Charles and Nancy McPike, Hillary's mother holding a picture of her daughter, with private investigator Dan Davis

Hillary Johnson was found at about 2 am, Saturday, December 4th. She was lying among corrugated metal and winter grass in a dump near Eads, a sleepy little town near Memphis.

The brutal murder of this 24-year-old University of Memphis graduate student tragically began the Sunday before Thanksgiving. Hillary's mother, Nancy, and stepfather, Charles McPike, knew from their Chicago home that something was very wrong that Sunday night in Memphis. Hillary had gone shopping at a store near her apartment in the early evening, had come back home and then decided to visit the library.

Hillary Vanishes

It was then that grad student Johnson and her car vanished. Ten days later, a hunter would find Hillary's white Hyundai near Ripley, Miss.

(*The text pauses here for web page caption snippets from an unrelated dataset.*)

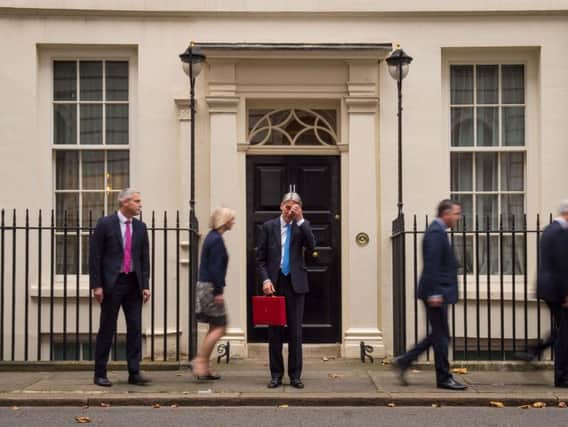 Chancellor Philip Hammond stands outside Number 11 Downing Street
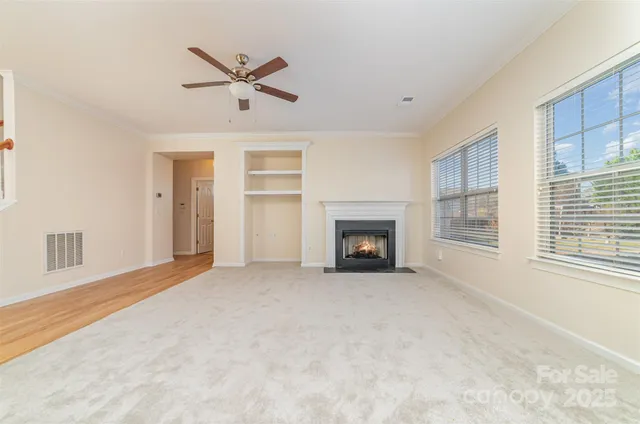 a view of an empty room with a fireplace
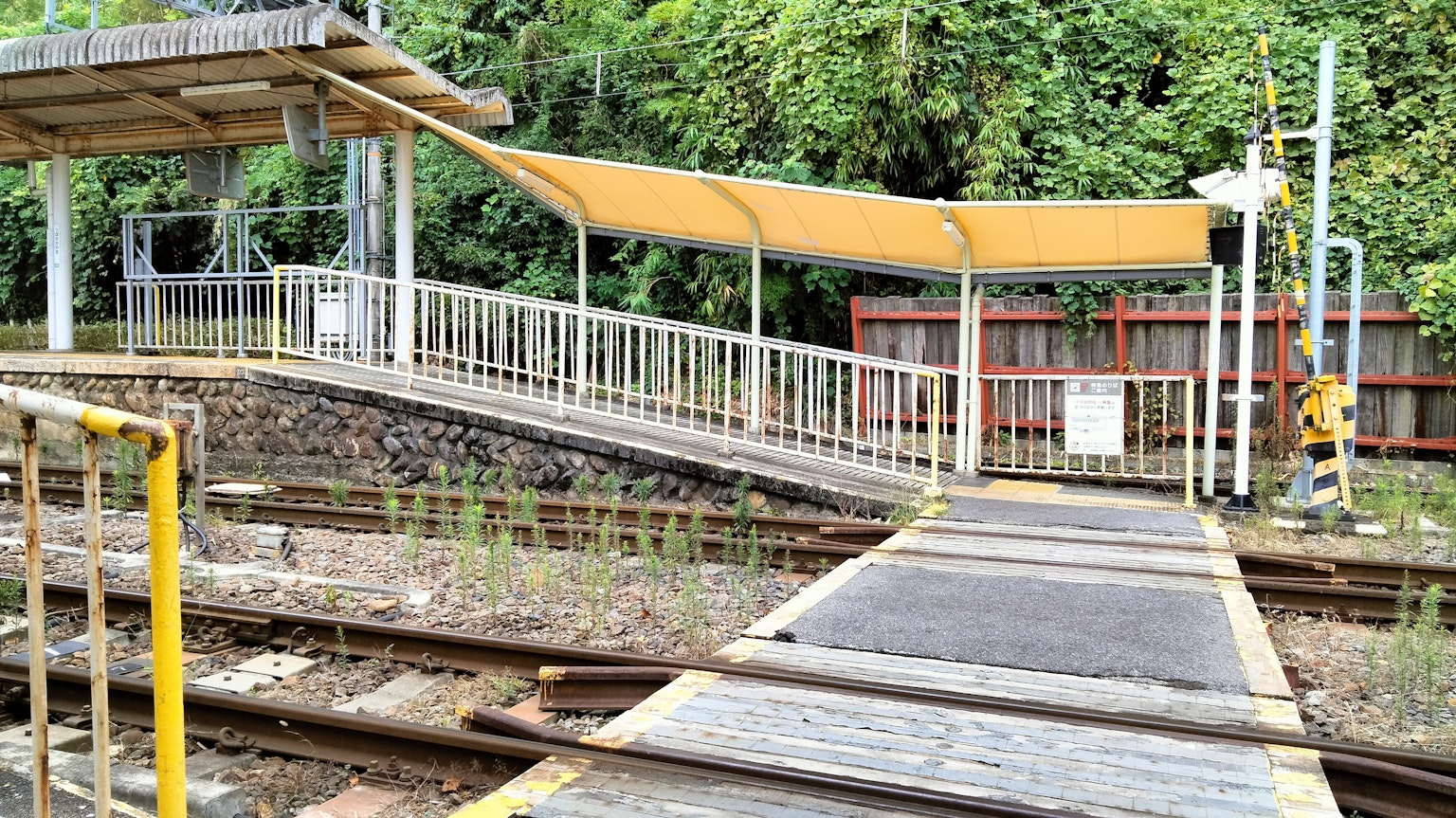 Vista de una plataforma de tren con un toldo amarillo y rieles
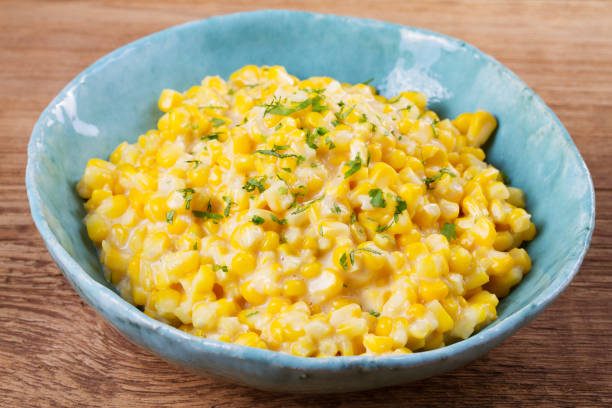 istock Creamy corn in bowl on wooden background 840610976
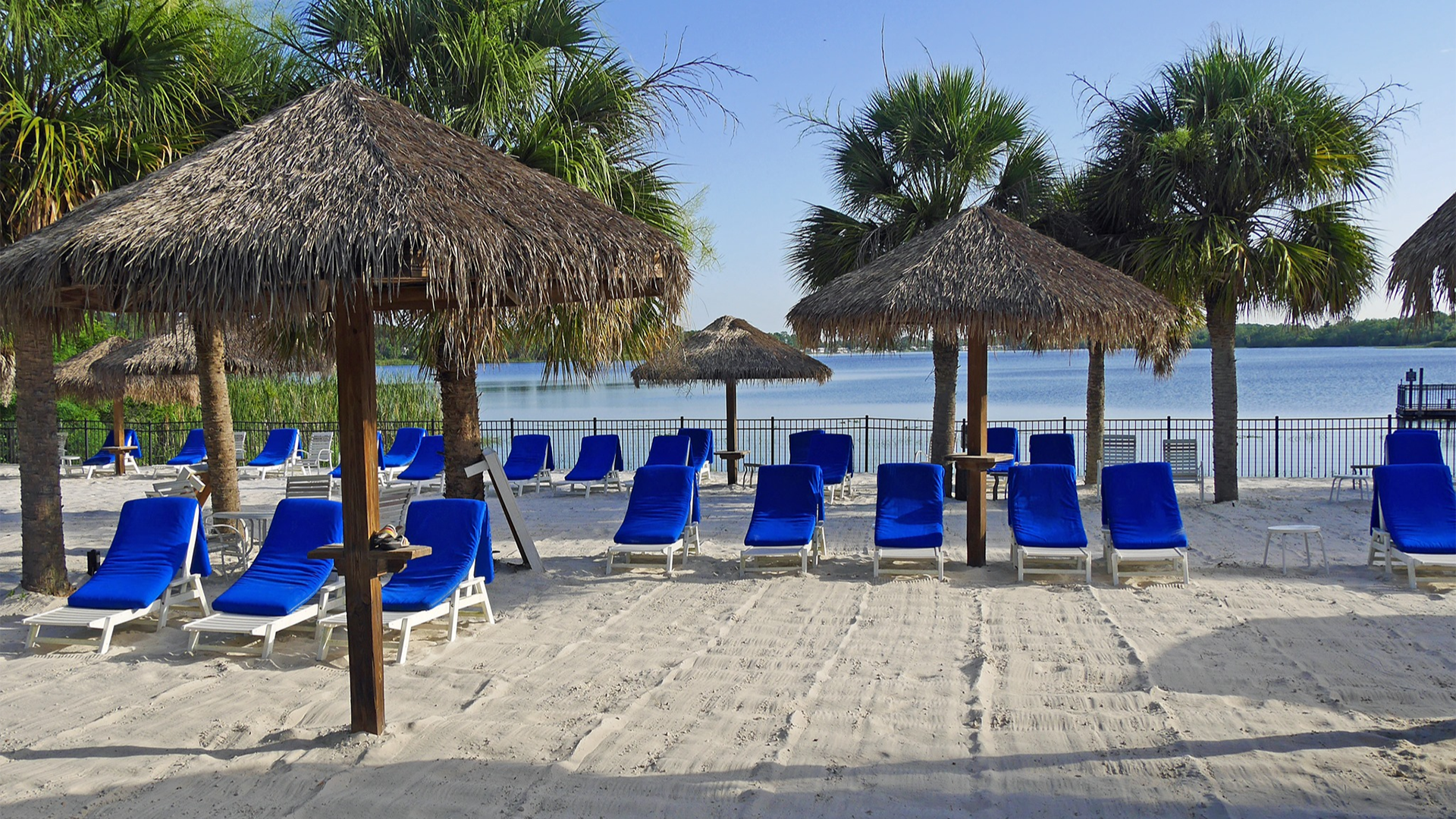 pool chairs and cabanas on a sandy surface with a view of lake behind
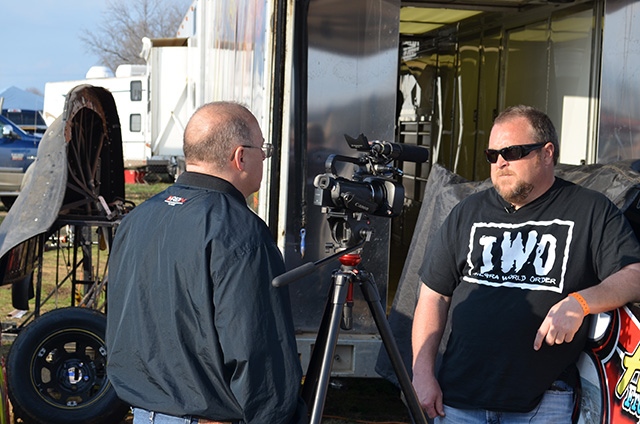 Terry Phillips does some face time with Kirk Elliott of The Racin' Boys.
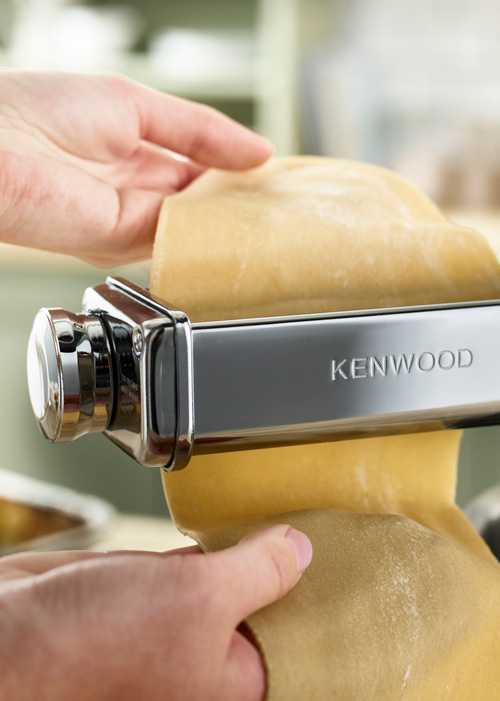Una sfoglia di pasta passa attraverso una macchina per la pasta Kenwood. Le mani guidano la pasta attraverso i rulli metallici.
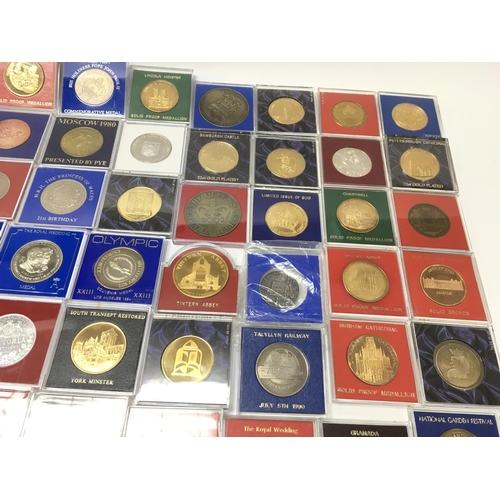 765 - A large collection of assorted commemorative medals including many 22ct gold plated examples. Postag... 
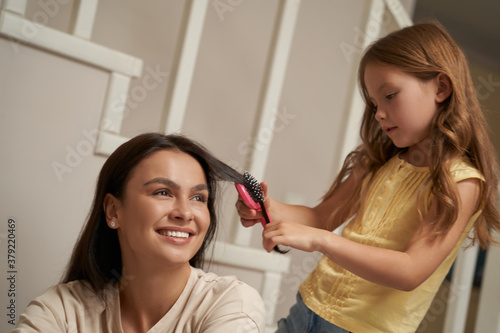 Young woman, happy lovely mother looking aside and smiling while her little daughter combing hair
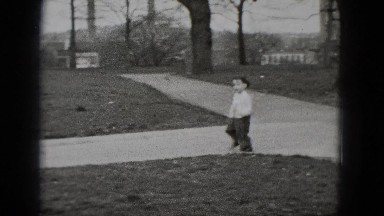 1948: a little boy running and trying to catch a white dove in the park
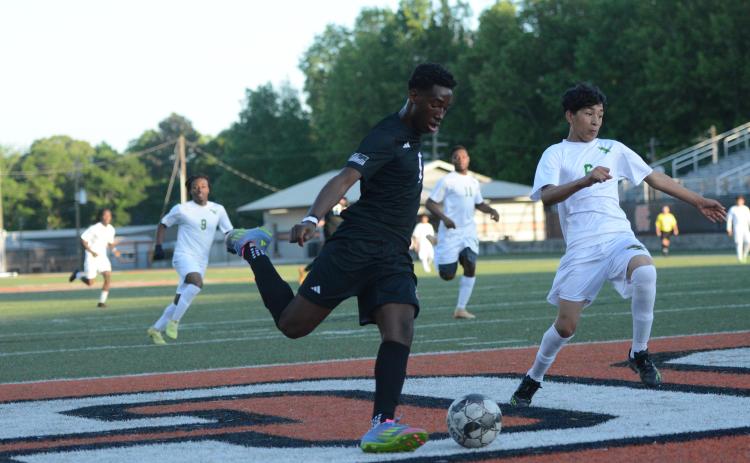 Cayson Craft scores his fourth goal out of the five goals he scored in the 10-1 win over the Eagles of Josey April 16.  Photo by Benjamin London.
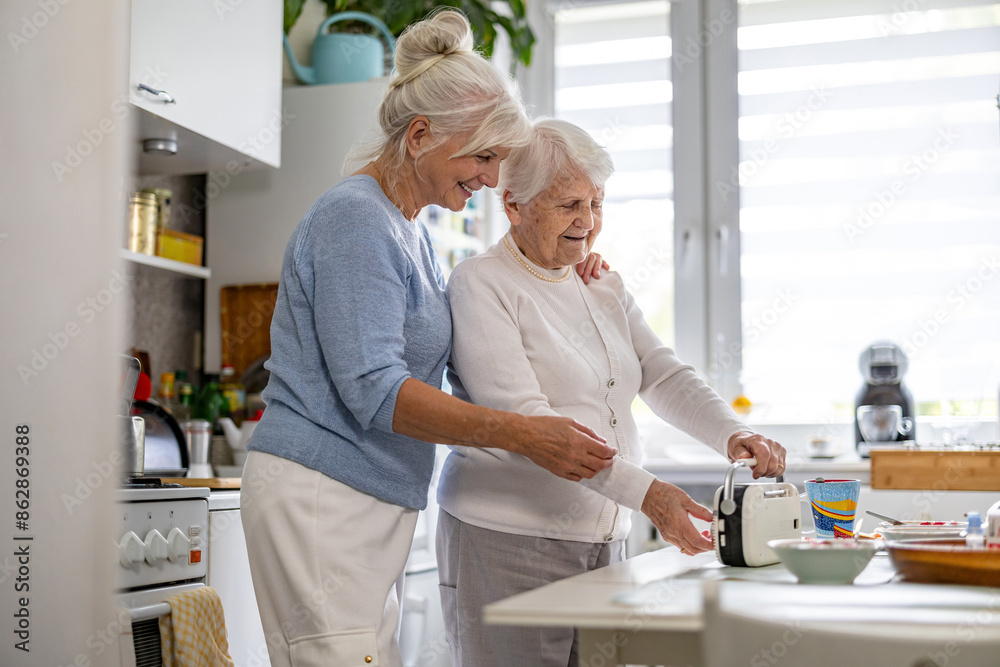 Wall mural elderly woman with her caregiver at nursing home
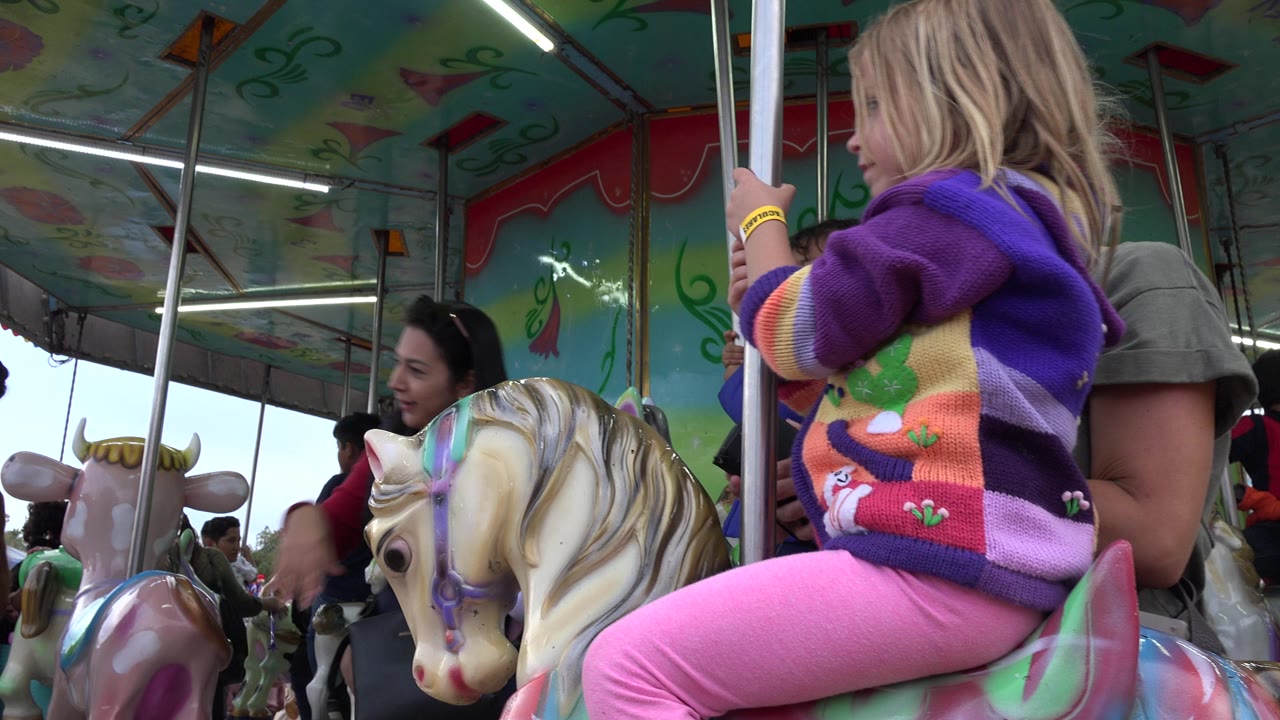 The child remains seated on the painted carousel horse in San Jose del Cabo, Mexico, holding the pole as another child and adults appear in the background.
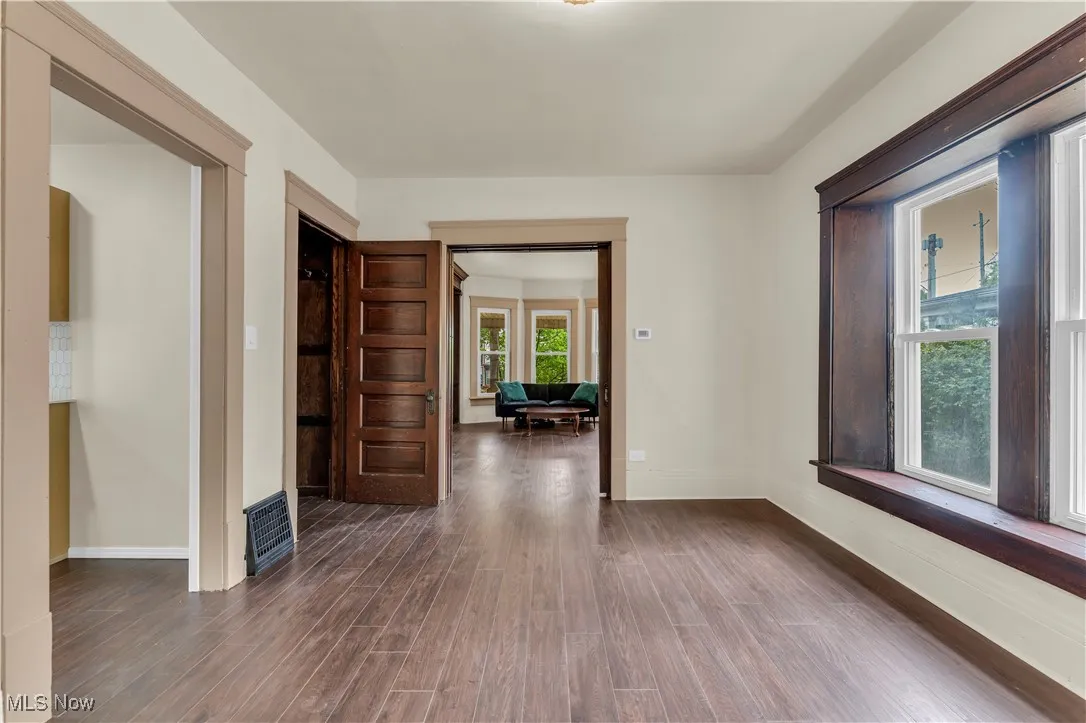 Unfurnished room with dark wood finished floors and baseboards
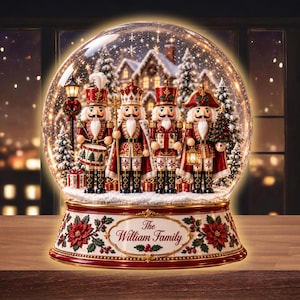 Pode incluir: Um globo de neve de vidro com quatro figuras de quebra-nozes em uniformes vermelhos e dourados sobre uma base nevada. A base é decorada com poinsétias vermelhas e azevinho verde, com o texto The William Family numa moldura dourada.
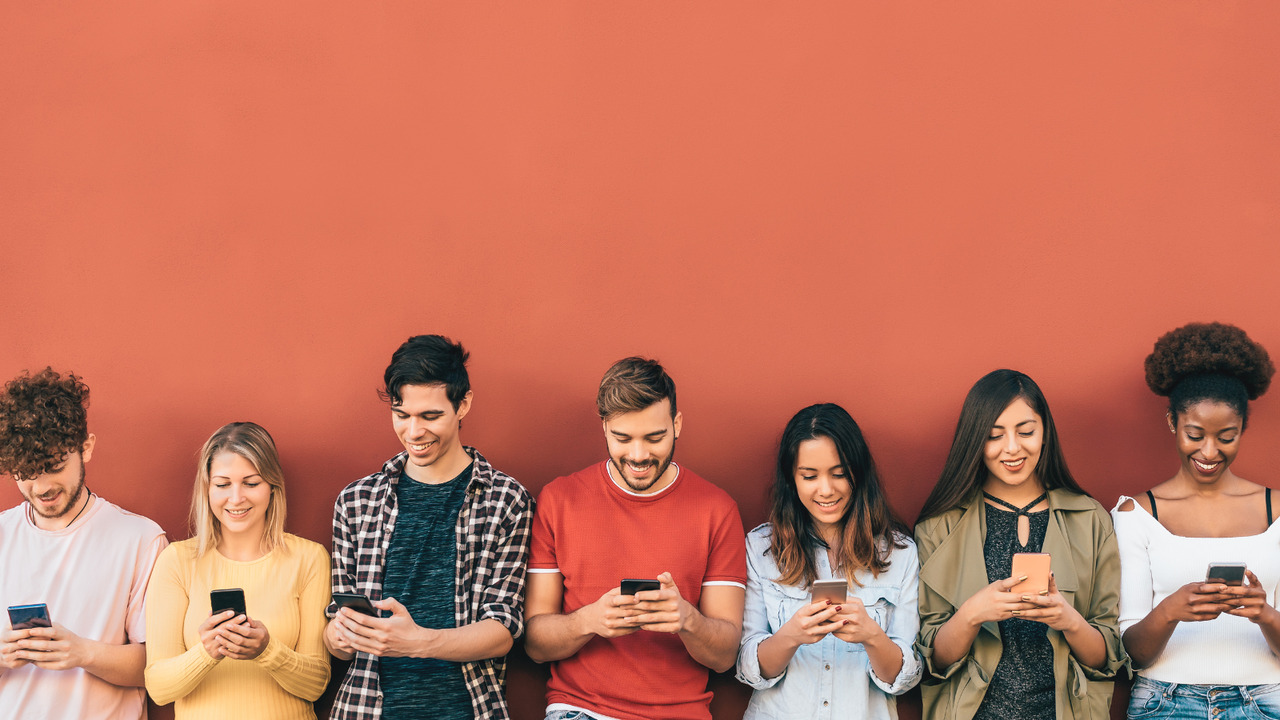 Diverse individuals using phones to create an online forum.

Four days after that Hillary Johnson's body was recovered back in Eads, Tennessee.

This isn't a tale of a desperate chase for a killer across three states, involving scores of victims and numerous stolen vehicles. Nor a story about how, facing the biggest and saddest challenge of their lives, the family called in private security executives who searched roads and online databases, spurred reluctant local police to action and shared tears with relatives and University students.

Though that all happened.

Instead, it's about how Hillary's family brokenhearted but unbowed, has established a national foundation to help others better cope when beloved adults go missing.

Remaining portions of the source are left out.